== COLLECTED DATA ==
=-=-=-=-=
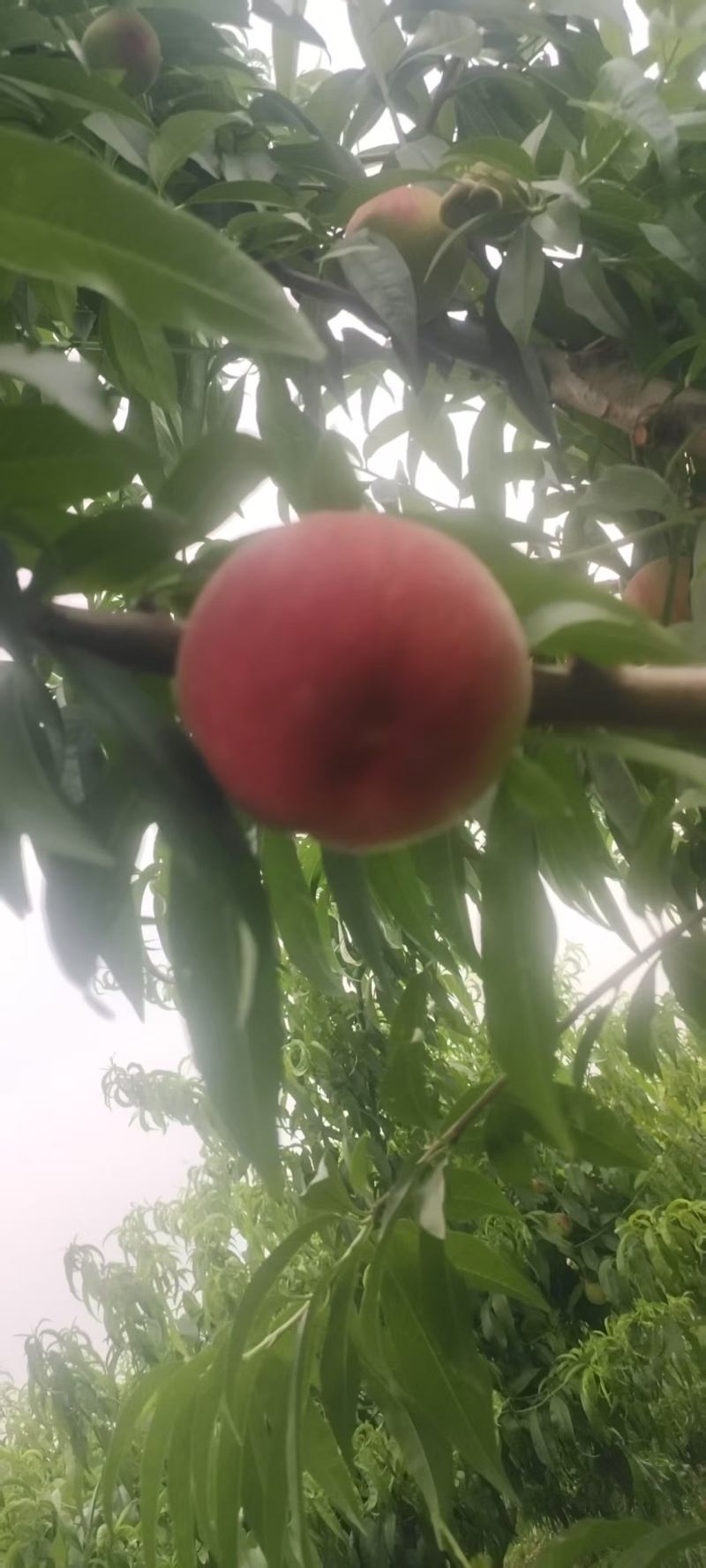 突围毛桃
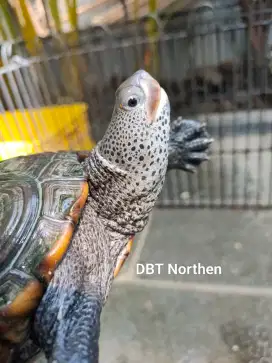 DBT Northen 16cm - Diamondback Terrapin Northen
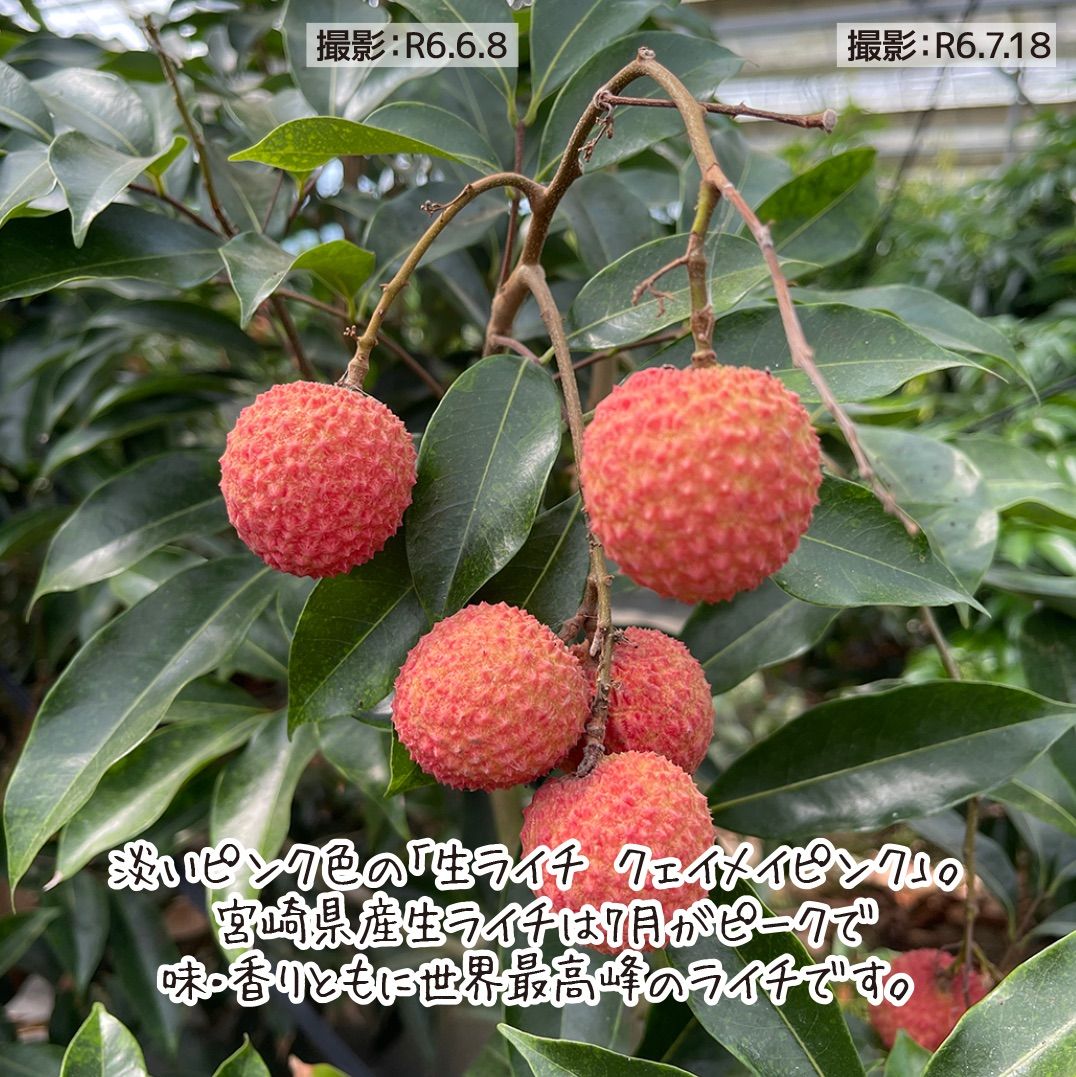 完熟みやざき生ライチ クェイメイピンク 希少 国産 宮崎県産 約400g 新鮮 果実 トロピカル こだわり 農家直送 産地直送 クール便 送料込み -  メルカリ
=-=-=-=-=
Up to and including the last line of the listing, starting at the line with "DBT Northen 16cm", extract every line exactly and leave out the pictures.

 DBT Northen 16cm - Diamondback Terrapin Northen
 完熟みやざき生ライチ クェイメイピンク 希少 国産 宮崎県産 約400g 新鮮 果実 トロピカル こだわり 農家直送 産地直送 クール便 送料込み -  メルカリ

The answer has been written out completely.